I had never taken more than a week off from the business to date, and we needed to strategize a plan to give our team at the time the autonomy to keep things moving while I was out. We used the first version of the Sabbatical Method to plan for my time away.
Not only did my team serve our clients at the time, but they were coming up with new strategies to help make things more streamlined, generate new business, and create case studies for us. I was blown away. I realized that I needed to get out of my team’s way and trust and empower them to be unstoppable.
“Creating unstoppable teams” is a bold statement. What strategies do you employ to foster high performance within small teams?
Trust. Wholeheartedly. If you create an operations function at your agency or small business, you can trust that your team can handle things.
First, you need to be clear about what you want. Cast that vision. Often, owners need to hear that their team isn’t performing “well” because they slack off and don’t follow through on their systems. They won’t use their project management tool, fill out their spreadsheets, and follow their processes. Cast the vision and lead by example.
Second, your team isn’t going to take over… overnight. Be OK with offloading 20-30 percent of a task before giving them a large chunk. So many people get burned by delegating because they create a process or list of tasks, wrap everything in a pretty bow, and are shocked when someone (on their first try) doesn’t nail in 100 percent.
We need to stop living in the fantasy that someone can do everything we do and have the industry expertise, clarity, and care we have in our business. Our team wants to help and bring something different to the table that we haven’t even considered… let them.
Third, don’t step over them. Many owners jump back in because they can “do it faster” or “do it better” than their team. Give your team members the time to fail and build those skills, and don’t undermine them by jumping in when things get challenging. It may make them think you don’t trust or believe in them.
With your expertise in operations, could you outline a few actionable tips for our readers to enhance their business processes effectively?
Here’s where I start to get geeky, so hang on!
1. We need to centralize and define:
Your processes are worth zip, zilch, and nada if no one can find them. How often have you searched the ethers of Google Drive for that “one document you made that once” or that “proposal that crushed it on that one project”? It’s so time-wasting, and we need to stop.
Create a spreadsheet, organize everything there, bookmark it in your central workspace, and pin it to your Slack channel so you’re only a few clicks away from anything you need to access.
Next, define what the heck goes in there! It sounds so essential, and it truly is. What is a Standard Operating Procedure, when do we use it, what does it look like? What templates do we have? What examples of past projects can we link? You want to be as transparent as possible about what is going into your playbook and who owns which element.
2. Become a screencasting PRO:
With a remote team, screencasting is one of the largest time-savers in my business. I work with clients to build this muscle as well.
Record your screen while you’re doing tasks that could otherwise be offloaded or need to be standardized, and make sure they make it into your central location for assets I mentioned earlier. That way, when someone has a question: “How do I {BLANK}?” they can jump in and check out a handful of videos on the subject.
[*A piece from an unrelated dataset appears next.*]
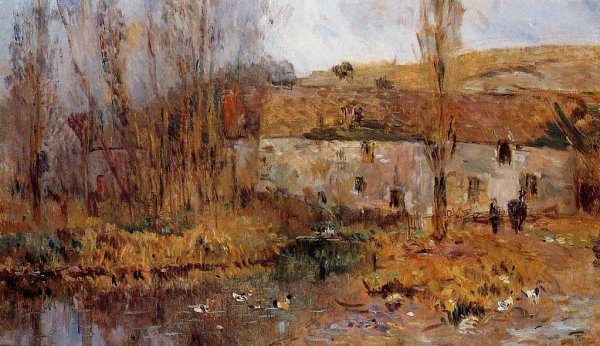 Mill in Normandy by Albert Lebourg - Hand-Painted Oil Painting Reproduction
Like a little savings account, we want to ensure that we deposit into our knowledge base consistently before we need it. Many agencies will start compiling training documents the night before their new hire begins. Don’t be that person!
Balancing motherhood and a successful career is no small feat. How do you manage your time and responsibilities to maintain this delicate equilibrium?
Sheesh! It’s a constant work in progress. As a busy mom, I am proud of how disciplined I am at reviewing what is going on at work and home and making sure I can reflect on my days and weeks. If I feel overwhelmed, I’ll look at what’s been happening in my day or week and consider: Is this a growing pain, or am I doing something I should not be doing?
I always remind myself that my family (my kids and husband) comes first. And I’m always finding new ways to identify throughputs in my business that support my life, not vice versa. I know a lot of parents that struggle here because they want to divide their time consistently and make sure that they are giving as much to their family as they are their business.
Over the last three years, I’ve learned that there will never be a balance. By definition, “balance” is only a moment in time. We parent-preneurs need to reconcile with the fact that there will be seasons of time when we’re working more in the business and seasons of time when we’re predominantly mom or dad. The thing to note most importantly is that we need to have systems in place to make sure one or the other doesn’t run away with our time unintentionally.
What role do you believe technology plays in optimizing operations for small businesses? Are there specific tools or software that you find particularly valuable?
Everyone I interview despises this answer, but it’s who I am, so that I will give it anyway. Tools do not matter.
Sure, it’s great to have a PM tool, but I know many agencies with basecamp or teamwork, and it hasn’t been correctly set up. The teams don’t use it consistently, and it becomes a gigantic thorn in the side and cumbersome to update.
We need to define our operations and audition pieces of tech to fit our needs. Use and abuse a spreadsheet first, put all your checklists in Google Docs, and use them before committing to the tech. It’ll help you accelerate so much faster. No tool will save your business unless you have the content and structure to make it work FOR you.
When I first started, I worked with a well-known media buyer. He was working primarily alongside his wife part-time and a handful of contractors. He’d seen tremendous growth and success in the marketplace, and his solutions got folks a return on investment like they’d never seen before.
But behind the scenes, things were hectic. He’d built a world-class brand and was pretending to be his assistant. It was stressful for him, and they had a young daughter at home. It dawned on me then that someone with a successful business, who gets incredible results can get stuck not mastering the basics of running a business.
I know many founders who need help with delegation, setting up basic systems, and defining project management rules. Sometimes, our success drives us right past some of the first critical checkpoints we must hit to build something sustainable.
This client, in particular, worked with me on a few things: the model, the systems, and the visibility. We created a new way of working and mentoring other media buyers and business owners who didn’t take up much of their time running the ads and were slack adjusters in the revenue department.
We created systems for how he fulfilled his core program and 1 on 1 service so that he could come up for air and delegate some of the administrative tasks. Then, we set up a central hub with key performance indicators for him to track. He was revitalized and no longer answering his support emails 🙂
In a constantly evolving field, staying updated is crucial. How do you keep yourself informed about the latest trends and developments in operations and marketing?
By jumping in. One of my favorite things to do is work with clients 1 on 1 and get my hands on their accounts.
Whether it’s a PM tool, documentation center, learning management system, you name it, I’ve been in. It’s not the most sexy solution, but has been the most effective.
What advice would you give aspiring marketers specializing in operations and systems management?
Start now. Before you think you’re ready. There’s never a perfect time to begin creating systems in your business; it’ll be the first thing to fall off your plate if you don’t prioritize it.
Think of creating systems and processes like depositing into a high-interest savings account. You don’t know when you’ll need to fall back on it, but it’s great to have it when it comes.
Even if you’re pre-hire or a team of one, start recording your screen and compiling standard operating procedures that your future team can leverage. It’ll save you time at a friction point in your growth… training new hires from scratch is a pain.
Looking ahead, what excites you the most about the future of operations in the business world? Are there any emerging trends that you find particularly intriguing?
AI is changing the way people operate and document things. It’ll take the routine and the mundane out of preparing systems and operations.
Once AI tools can build automation (they can already write custom webhooks), it’ll be much easier and faster to build the type of throughput businesses put off for too long.
I’m thrilled that these tools are becoming more advanced and accessible because they’ll help business owners stay in business longer and have more enjoyable, profitable businesses.